------ RECORDS TO USE ------

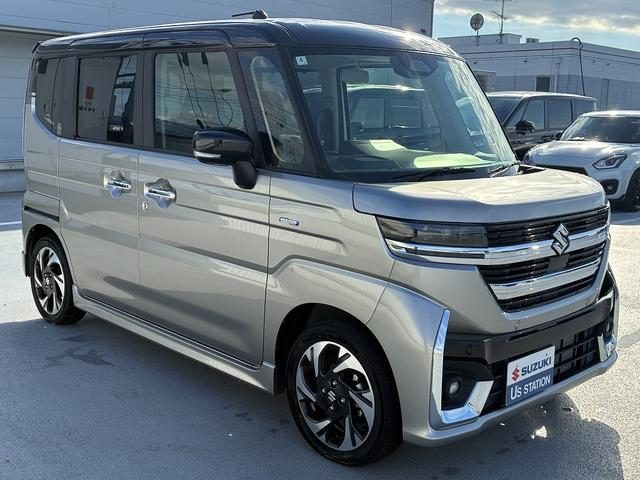 車両画像9
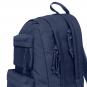 Eastpak Double OFFICE Boat Navy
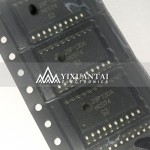SN74HC574DWR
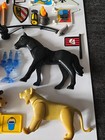 Lot of Playmobil Accessories Figures  Animals Parts Different Sets Vintage  — photo 5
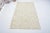 1960s Beige Handmade Designer Turkish Rug For Sale - Image 11 of 11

------

WORK INSTRUCTION = All that should appear in the response is the run of lines from the one with "Lot of Playmobil" through the final line of the records, restated exactly, with pictures omitted.

EXERCISE ANSWER =
 Lot of Playmobil Accessories Figures  Animals Parts Different Sets Vintage  — photo 5
 1960s Beige Handmade Designer Turkish Rug For Sale - Image 11 of 11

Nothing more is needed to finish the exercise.